As a got back near the road I saw a person adjusting her gear and I said have a nice hike – but she quickly introduced herself as ADK Forum member and 46er and Summit Steward and trail maintainer AlpineLamb. She lives, enviably, nearby in Ticonderoga so gets a chance to spent a lot of time in the peaks. She was on her way to the Esther herd path, as she was asked to be a trail adopter. She smartly drove to Whiteface and made the walk down to Esther. We walked and chatted together down to the cairn – while she shared stories of some of her experiences on trail work and hiking, and she alerted me to look for an old sign indicating we were walking on the old Wilmington Ski trail. We never saw it, but the company was nice for a bit.

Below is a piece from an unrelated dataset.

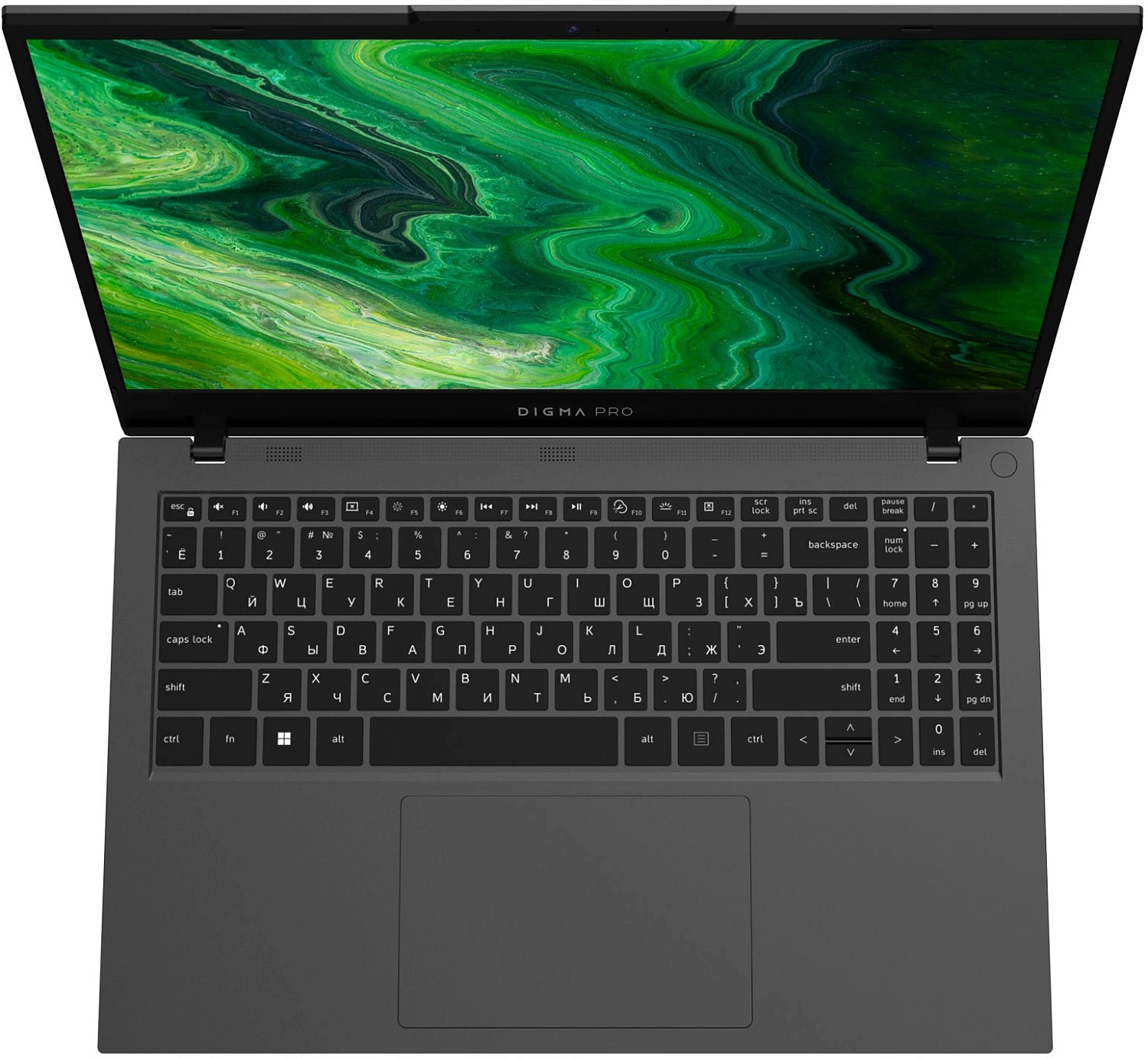 Ноутбук Digma Pro Fortis Core i5 1035G1 16Gb SSD512Gb Intel UHD Graphics 15.6" IPS FHD (1920x1080) Windows 11 Professional grey WiFi BT Cam 4250mAh (DN15P5-ADXW03)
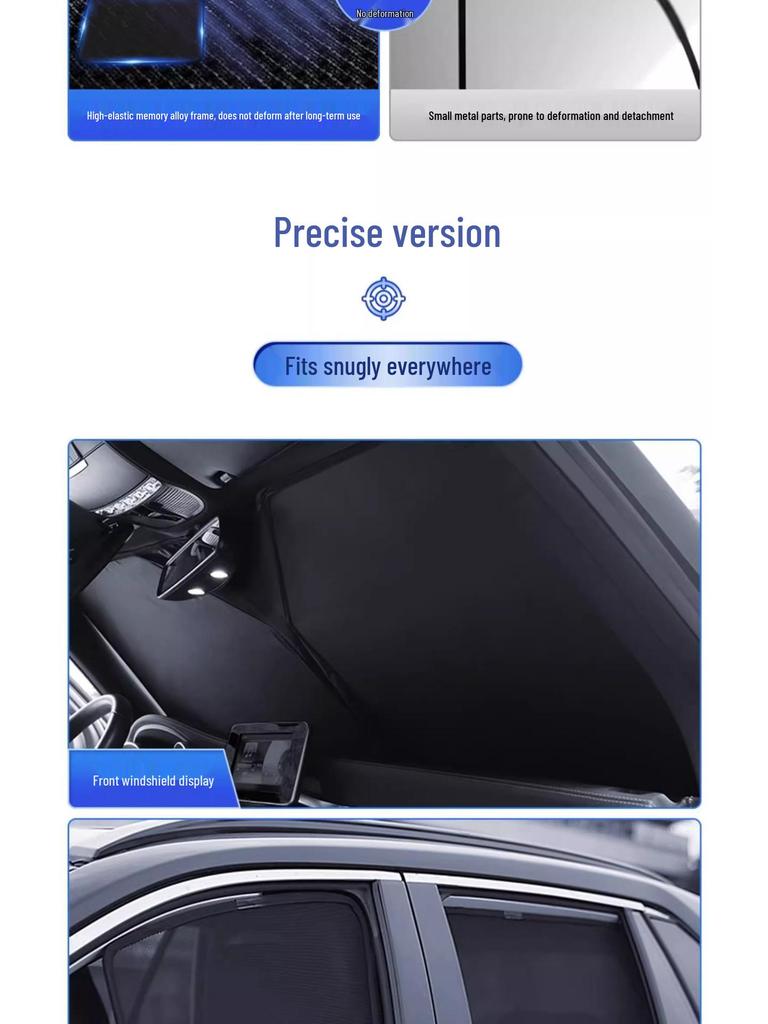 Магнитная сетчатая шторка от солнца для BAIC Jihu Kaola/S - Теплоизолирующая автомобильная шторка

After she departed for Esther, I picked up the pace – seeing three or four groups on the way in, and scooted down and signed out by 1130. With about 50+ minutes of summit time and chatting, the entire trek took a little more than 5 1/2 hours – my best guess is that it was only about 12.5 miles and 4,000 feet total elevation gain. That makes #41 and #42.

Hope to “finish” sometime in September with a sunrise on Wright, finish the Macs and making the trek to Colden. We’ll see how that goes.

Lower Great Range Plus Sawteeth Plus a Porcupine!

Having done the Upper Great Range a couple weeks prior, I was really looking forward to the other half of the range. Sawteeth and Pyramind are not formally part of the Lower Range, but really make for a super loop if your ambitions are just to complete the Lower Range.

Folks can do this trek in either a clockwise or counterclockwise direction. I chose the latter – in small part since I think I like having some climbing get started right away but mostly because I thought starting at the far end of the Great Range and getting views as you move along it would provide more and more rewards as the day went on, and also give me a preview for what the full GRT would look like from this direction should that be the approach I choose.

So, I decided to take the Deer Brook trail to Snow Mountain, then cut over to the WA White Trail toward Hedgehog and onto the Wolfjaws. From there the Range trail takes you over to Gothics, and then a spur trail over to Pyramid and Sawteeth. Wanting to get home in time for dinner, I took the Weld trail down to Rainbow falls and out instead of taking the “Scenic trail” off of Sawteeth, which would have added another 30 minutes in my estimation.

The trail begins in a private driveway about a mile north of the traditional trailhead onto the AMR lands. It is marked with a brown sign for Deer Brook trail. It ascends at a decent clip right from the start, in and out of the (heavily flowing due to a week of recent rain) Deer Brook bed. Per usual, I was super excited for this walk, but couldn’t get my legs under me (that usually happens about 2 hours in depending on the terrain). Maybe this had to do with the 2:30am wakeup and drive from my parents’ house in Pittsfield, MA.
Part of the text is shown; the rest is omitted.